Data records
↓↓↓
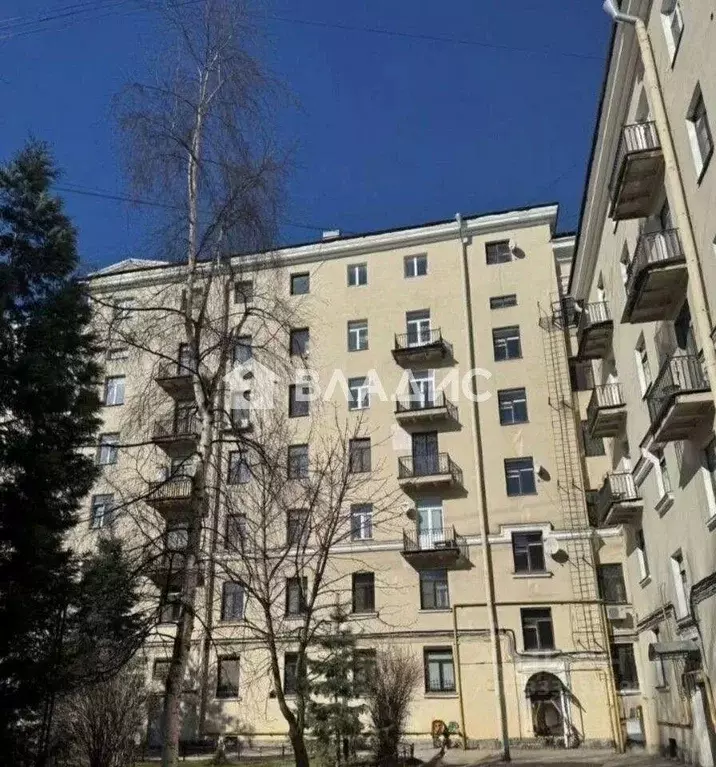 Квартира, 4 комнаты, 91.5 м - Фото 1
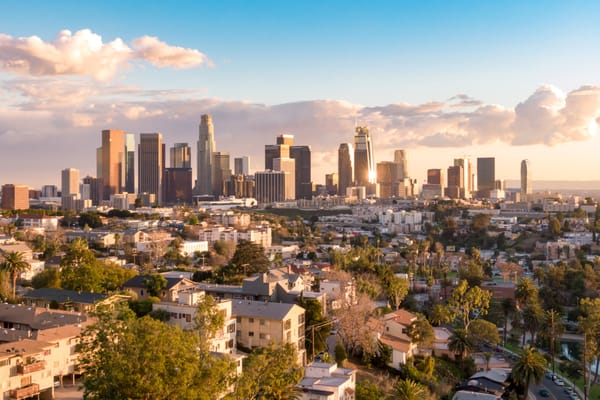 Neck Liposuction in Los Angeles (2025 Guide)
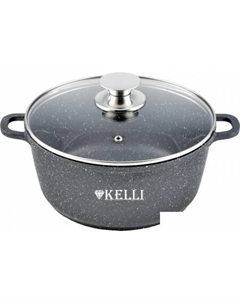 Кастрюля KL-4022-20 Kelli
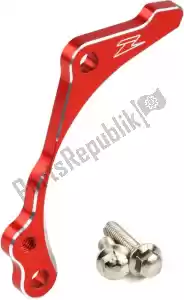 ZETA ZE807022 case saver, red - Upper side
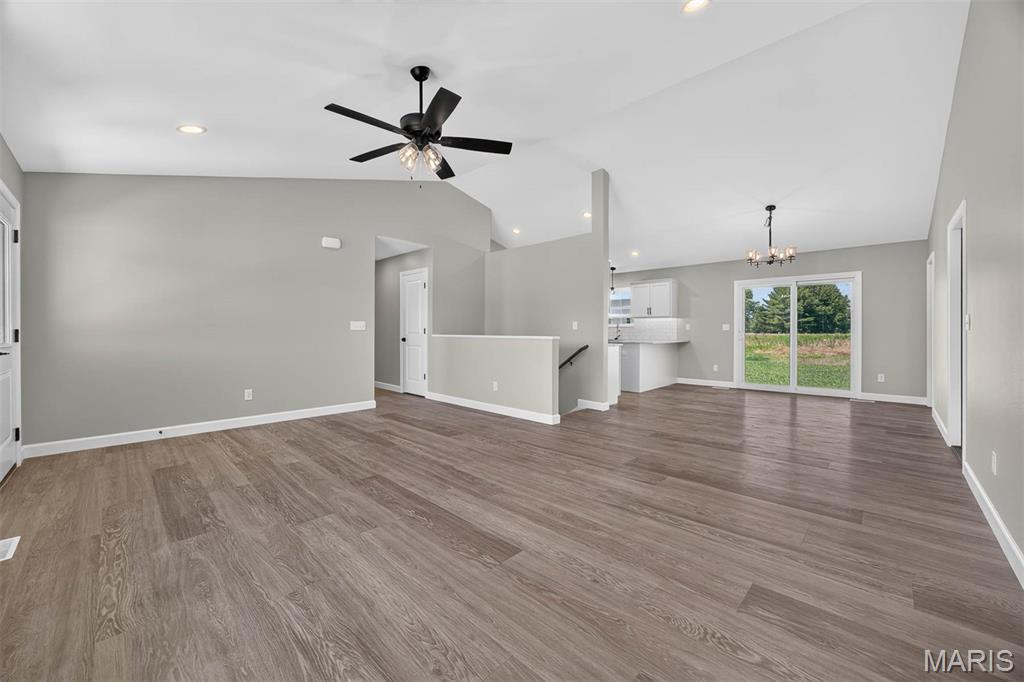 Fitz James Estates - Residential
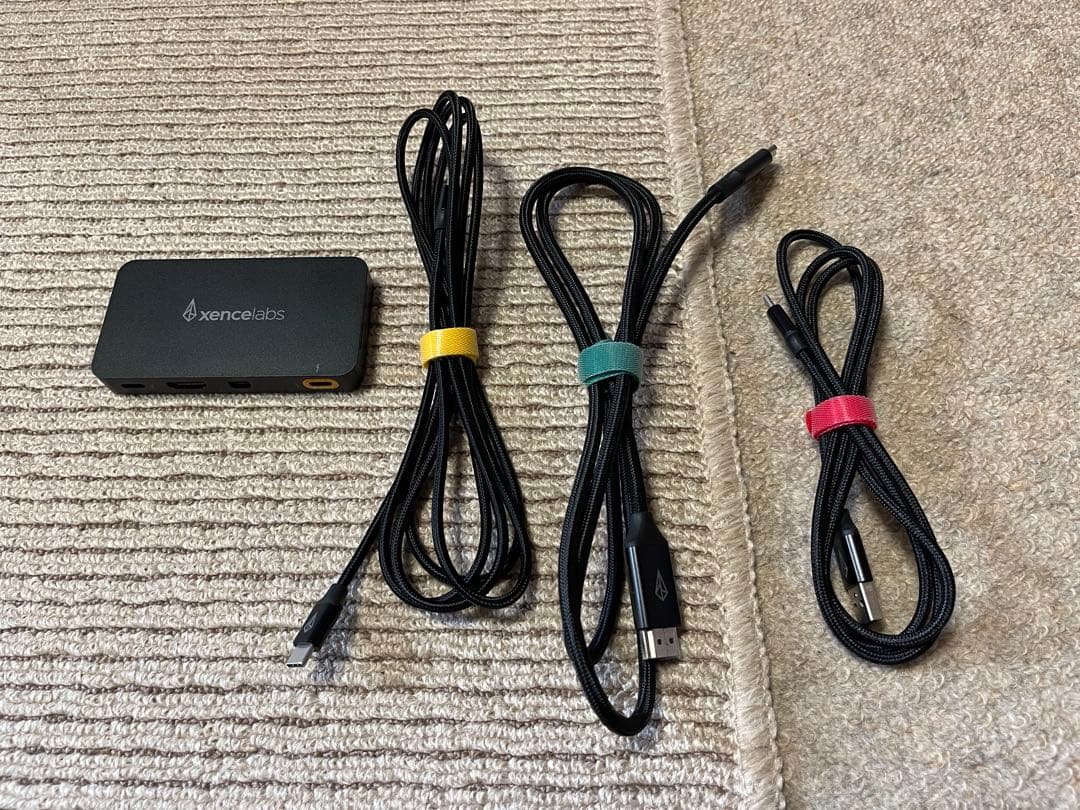 【早い者勝ち】xencelabs 液晶ペンタブレット　16インチ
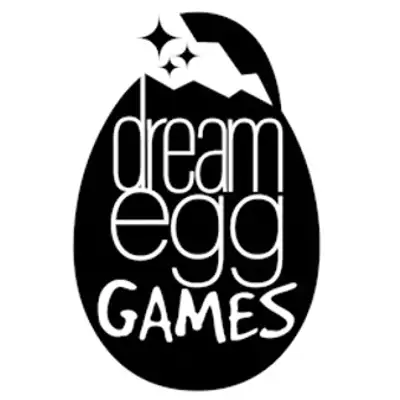 Allan Pincus (Dream Egg Games)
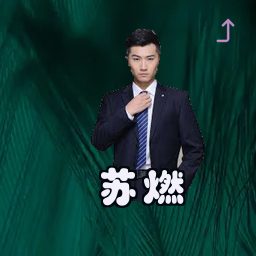 苏燃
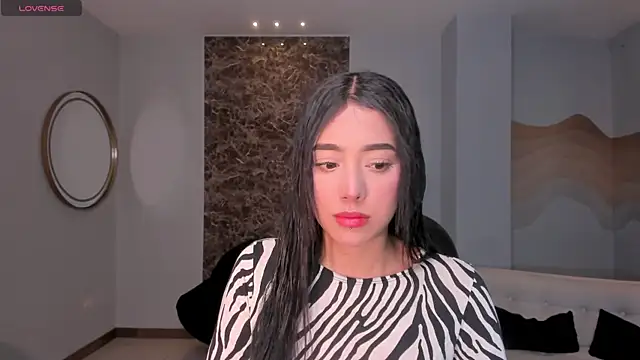 ScarlettBlaze  online show from 16, 12, 2025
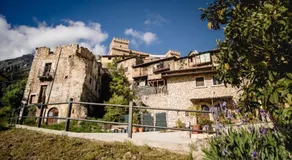 Dimore Abruzzo - Pietraviva - Image 5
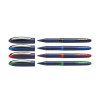 Schneider Rollerball One Business assorti (4 kleuren) 210954 - 1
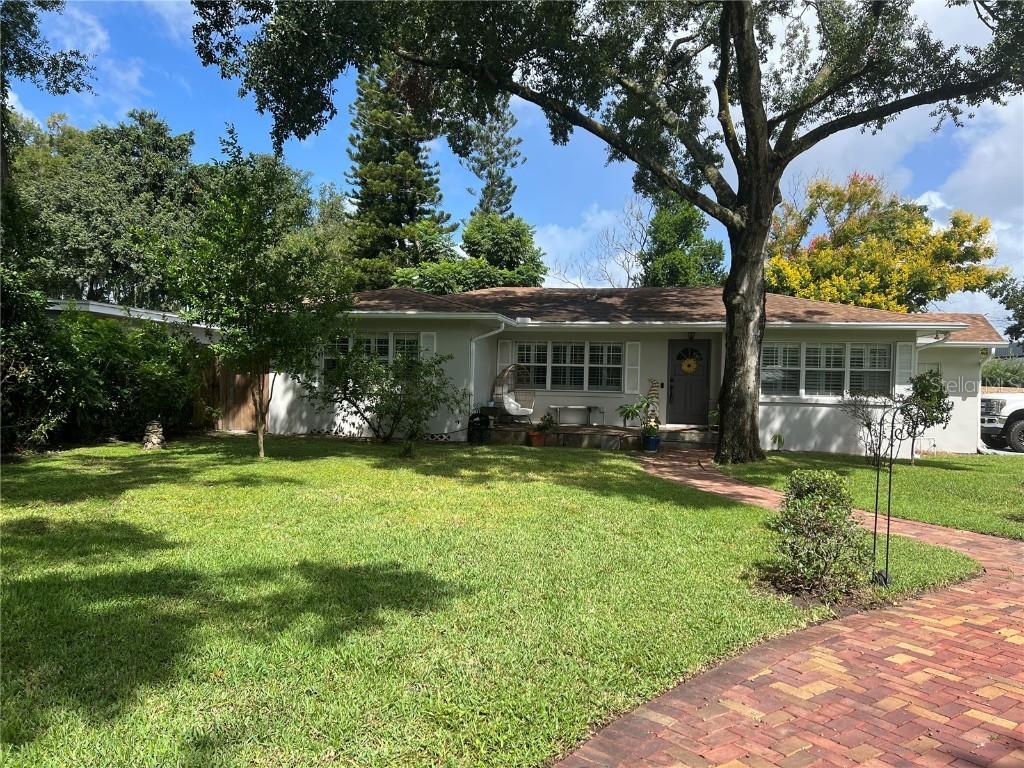 212 Blossom Ln., Winter Park, FL 32789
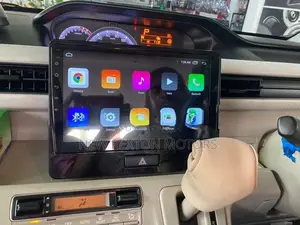 Wagon R Android Player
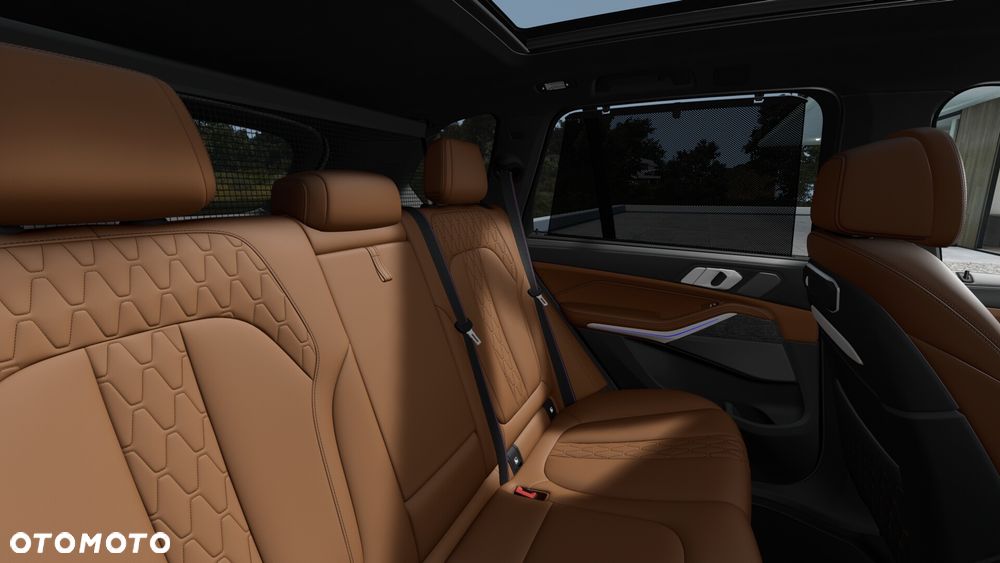 BMW X5 xDrive40d - 14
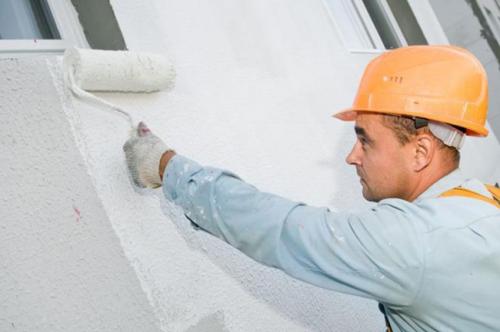 Ravalement Peinture 44 Loir-Atlantique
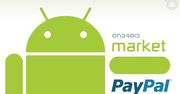 PayPal w Android Market już niedługo?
↑↑↑
> Goal of the exercise:
Each entry above is to be duplicated exactly, and its pictures omitted.

> Expected answer:
 Квартира, 4 комнаты, 91.5 м - Фото 1
 Neck Liposuction in Los Angeles (2025 Guide)
 Кастрюля KL-4022-20 Kelli
 ZETA ZE807022 case saver, red - Upper side
 Fitz James Estates - Residential
 【早い者勝ち】xencelabs 液晶ペンタブレット　16インチ
 Allan Pincus (Dream Egg Games)
 苏燃
 ScarlettBlaze  online show from 16, 12, 2025
 Dimore Abruzzo - Pietraviva - Image 5
 Schneider Rollerball One Business assorti (4 kleuren) 210954 - 1
 212 Blossom Ln., Winter Park, FL 32789
 Wagon R Android Player
 BMW X5 xDrive40d - 14
 Ravalement Peinture 44 Loir-Atlantique
 PayPal w Android Market już niedługo?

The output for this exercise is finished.